Según consta en la denuncia de la Fiscalía, las incidencias se dividen en dos períodos. Uno, entre los años 2000 y 2007, en el que se toman decisiones de inversión y de compromisos económicos relevantes, «en forma de adquisición de inmuebles o participaciones en sociedades detentadoras de los mismos, así como en forma de concesión de importantes financiaciones desproporcionadas en relación con su posición o peso accionarial». Y otro, entre 2008 y 2013, en el que se deciden aspectos derivados de desinversión y «pactos de separación de los socios de las mencionadas participaciones accionariales, una vez que ya era patente tanto la imposibilidad de desarrollar el proyecto, como el deterioro del valor de los activos». En la mayoría de casos, las inversiones se acometieron «sin previos informes externos independientes al proyecto y sin realizar análisis exhaustivos de aspectos tales como la solvencia y capacidad de los asociados y su grado de implicación con aportación de recursos propios».
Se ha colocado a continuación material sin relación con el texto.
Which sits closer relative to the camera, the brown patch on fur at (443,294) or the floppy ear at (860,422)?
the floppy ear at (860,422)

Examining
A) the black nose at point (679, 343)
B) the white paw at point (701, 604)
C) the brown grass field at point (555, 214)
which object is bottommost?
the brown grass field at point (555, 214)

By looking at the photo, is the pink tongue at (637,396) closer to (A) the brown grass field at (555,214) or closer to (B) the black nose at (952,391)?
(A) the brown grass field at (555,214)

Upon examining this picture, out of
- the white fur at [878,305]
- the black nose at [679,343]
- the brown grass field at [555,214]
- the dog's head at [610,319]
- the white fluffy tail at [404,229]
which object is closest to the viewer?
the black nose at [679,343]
Las decisiones de inversión, según la Fiscalía, «se sancionaban favorablemente sin mediar previas valoraciones independientes de los activos urbanísticos con las que contrastar el precio demandado por los vendedores y sin la confección de informes jurídicos sobre la adecuada instrumentación de los contratos a suscribir, donde se estudiaran los posibles impactos de resoluciones urbanísticas o medioambientales desfavorables y se garantizara la seguridad jurídica de la operación».

La denuncia detalla las operaciones seguidas por Cataluña Caixa y el entramado societario de Procam en Hacienda del Álamo, cuyo agujero estima en algo más de 110 millones de euros. En 1999, la filial inmobiliaria inició los trámites para construir este complejo turístico. El 9 de abril de 2005, el ministro de Turismo del gobierno socialista, José Montilla, inauguró las instalaciones. La nota de prensa que se entregó a los medios mencionaba un 'resort' terminado completamente en 2012, en el que se iban a construir «entre 3.500 y 4.500 viviendas, un hotel de lujo y dos campos de golf, sobre un total de 550 hectáreas, con una inversión de 900 millones de euros».
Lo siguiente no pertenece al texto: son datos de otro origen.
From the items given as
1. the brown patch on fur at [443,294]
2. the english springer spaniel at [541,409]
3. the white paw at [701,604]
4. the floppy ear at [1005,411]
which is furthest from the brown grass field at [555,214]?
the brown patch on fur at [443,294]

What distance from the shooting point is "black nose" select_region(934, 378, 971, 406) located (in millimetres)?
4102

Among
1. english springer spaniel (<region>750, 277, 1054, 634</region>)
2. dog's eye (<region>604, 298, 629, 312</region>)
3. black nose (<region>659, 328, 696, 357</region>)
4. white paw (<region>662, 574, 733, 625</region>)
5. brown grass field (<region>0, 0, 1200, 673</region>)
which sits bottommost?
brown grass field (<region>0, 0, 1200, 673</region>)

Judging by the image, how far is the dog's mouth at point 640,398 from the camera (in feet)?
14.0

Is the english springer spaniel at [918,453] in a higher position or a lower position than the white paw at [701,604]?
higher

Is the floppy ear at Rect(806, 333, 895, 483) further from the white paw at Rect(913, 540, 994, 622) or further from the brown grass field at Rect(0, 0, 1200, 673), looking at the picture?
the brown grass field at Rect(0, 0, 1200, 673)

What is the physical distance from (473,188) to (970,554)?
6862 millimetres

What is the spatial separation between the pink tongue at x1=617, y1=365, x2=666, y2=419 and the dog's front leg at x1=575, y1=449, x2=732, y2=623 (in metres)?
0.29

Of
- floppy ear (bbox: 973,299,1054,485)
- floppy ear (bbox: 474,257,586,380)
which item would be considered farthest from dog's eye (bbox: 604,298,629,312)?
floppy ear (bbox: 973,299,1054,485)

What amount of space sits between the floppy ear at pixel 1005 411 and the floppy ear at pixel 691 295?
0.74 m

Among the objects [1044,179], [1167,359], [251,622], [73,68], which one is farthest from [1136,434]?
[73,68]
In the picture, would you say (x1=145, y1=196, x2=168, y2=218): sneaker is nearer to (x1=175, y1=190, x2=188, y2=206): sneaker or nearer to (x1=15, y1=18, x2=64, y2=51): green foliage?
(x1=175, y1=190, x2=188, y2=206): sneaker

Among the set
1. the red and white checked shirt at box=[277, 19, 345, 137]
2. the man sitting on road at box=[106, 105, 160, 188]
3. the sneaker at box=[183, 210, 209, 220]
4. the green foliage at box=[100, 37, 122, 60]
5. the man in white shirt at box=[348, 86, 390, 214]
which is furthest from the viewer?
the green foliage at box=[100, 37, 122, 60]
En 2010, con una inversión aproximada de 300 millones de euros, había terminadas 2.400 viviendas. Pese al estallido de la burbuja, la promotora promovió una ampliación de 1.100 viviendas. Para ello, había firmado un convenio urbanístico con el Ayuntamiento de Fuente Álamo, que supuso el abono de 433.485 euros y un saldo pendiente de la misma cantidad. Sin embargo, el convenio no se desarrolló, y por lo tanto, no comenzó obra alguna.

Actualmente, de las 2.400 viviendas, 800 están sin vender -la mayoría en manos del Sareb y el BBVA (que adquirió Caixa Catalunya al FROB), y alrededor de 1.000 deshabitadas, en manos de inversores privados. El hotel de cinco estrellas, que en su día se anunció que iba a ser gestionado explotado por Meliá, continúa cerrado. Lo que sí funciona, sin embargo, es el campo de golf, uno de los más anchos y largos de Europa, y además goza de buena fama entre los aficionados y seguidores de este deporte.